Now the U.S. market share decline is accelerating as Mexico casts about for more alternative suppliers in Latin America and elsewhere to hedge against the risk that U.S. grains will get more expensive if the Mexican government imposes tariffs, according to interviews with three large Mexican millers, international grains traders, the top Mexican government agricultural trade official and government and industry data analyzed by Reuters,

“It’s important to send signals to Mr. Trump,” said Jose Luis Fuente, head of Canimolt, a Mexican trade group which represents 80 percent of Mexican millers. Mexico will keep buying American wheat because of its proximity, he said, but “we can’t continue to have this absolute dependence.”

The shifting supply deals are alarming for the U.S. industry, which has supplied the vast majority of Mexico’s wheat since the 1994 North American Free Trade Agreement (NAFTA) took effect.

U.S. wheat exports to Mexico dropped 38 percent in value, to $285 million, in the first five months of 2018. U.S. wheat exports to all countries, valued at $2.2 billion, dropped 21 percent.

“The Mexico market ought to be just an extension of our domestic market,” said Justin Gilpin, CEO of the Wheat Commission in Kansas, the nation’s biggest wheat-producing state.

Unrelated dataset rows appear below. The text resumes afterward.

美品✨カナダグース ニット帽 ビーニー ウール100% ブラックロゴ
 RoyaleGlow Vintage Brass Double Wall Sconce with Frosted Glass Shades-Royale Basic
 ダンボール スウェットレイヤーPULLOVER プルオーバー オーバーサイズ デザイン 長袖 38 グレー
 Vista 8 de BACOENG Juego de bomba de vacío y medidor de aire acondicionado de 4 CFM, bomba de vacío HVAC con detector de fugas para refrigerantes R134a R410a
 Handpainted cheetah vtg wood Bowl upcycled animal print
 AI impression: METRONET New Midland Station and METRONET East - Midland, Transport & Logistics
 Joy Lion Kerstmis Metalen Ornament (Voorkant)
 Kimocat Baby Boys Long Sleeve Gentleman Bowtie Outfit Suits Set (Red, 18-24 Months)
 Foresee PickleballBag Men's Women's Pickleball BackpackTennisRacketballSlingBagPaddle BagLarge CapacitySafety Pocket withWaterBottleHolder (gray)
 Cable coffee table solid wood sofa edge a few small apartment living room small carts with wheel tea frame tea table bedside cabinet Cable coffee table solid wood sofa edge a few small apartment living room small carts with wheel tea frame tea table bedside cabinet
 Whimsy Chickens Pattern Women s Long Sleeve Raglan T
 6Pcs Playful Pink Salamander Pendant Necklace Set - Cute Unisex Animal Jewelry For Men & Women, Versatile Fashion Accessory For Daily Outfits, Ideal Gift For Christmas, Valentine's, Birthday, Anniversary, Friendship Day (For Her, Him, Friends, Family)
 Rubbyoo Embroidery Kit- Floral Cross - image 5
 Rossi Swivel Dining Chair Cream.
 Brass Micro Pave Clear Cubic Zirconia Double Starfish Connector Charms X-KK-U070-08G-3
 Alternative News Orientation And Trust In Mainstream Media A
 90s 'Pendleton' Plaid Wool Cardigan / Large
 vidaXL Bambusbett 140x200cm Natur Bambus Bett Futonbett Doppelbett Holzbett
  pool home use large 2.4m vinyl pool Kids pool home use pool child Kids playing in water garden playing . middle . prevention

Instead, Mexican buyers plan to import as much as 100,000 tonnes from Argentina – worth about $20 million based on current prices – when it harvests wheat later this year, Fuente told Reuters. Mexico imported a test cargo of 33,000 tonnes in late 2017 after the its government financed a trade mission of grain buyers to find alternatives to U.S. wheat in Latin America.

If Mexico starts importing from Argentina (which may help Argentina, actually), when and why do they shift back to us?  Because we're cheaper?  Yeah, that's gonna help American agriculture.  Eventually they might, but "eventually" don't feed the bulldog today.  This is the  kind of "deal" Donald Trump has struck by erecting trade barriers and imposing tariffs.  Farmers are feeling it first, but they understand the business of agricultural sales.  Trump doesn't.  Trump, it seems, doesn't understand anything.  He's not just a bull in a china shop, he's a stupid bull in a china shop who thinks he's doing a good thing.

This will not end well.  In the meantime, can we get the media to start understanding (as NPR finally did, today, on a report I was just listening to) that if Trump says he has a "deal," he has bupkis?  After Singapore and Helsinki and now the meeting with Andreeva (and the announcement made about it), isn't it time to be severely skeptical of what the President says?  I mean, the number of lies he makes in a day are already to stuff of legend; shouldn't that tell us something?

He is a profoundly ignorant man.  This is not a good thing.

2 comments:

  1. I would like to think this will put the end to the absurd idea that what we need is a businessman for president, something which I've heard people say my entire life and it was as stupid an idea in the beginning as it's turned out in real life. Remember when they touted Bush W II as a businessman?

    If the Democrats don't win back the Congress this fall there's going to be at least a depression, I can't see Democrats stepping in to save it again unless they are in control of both houses. It's not as if it worked out all that well when they did.

    Trump will be the man who finally broke through the rotted out Constitution of the United States, floorboards, joists, even the nails, rotted.

    ReplyDelete
  2. Korea cannot nuke us soon enough.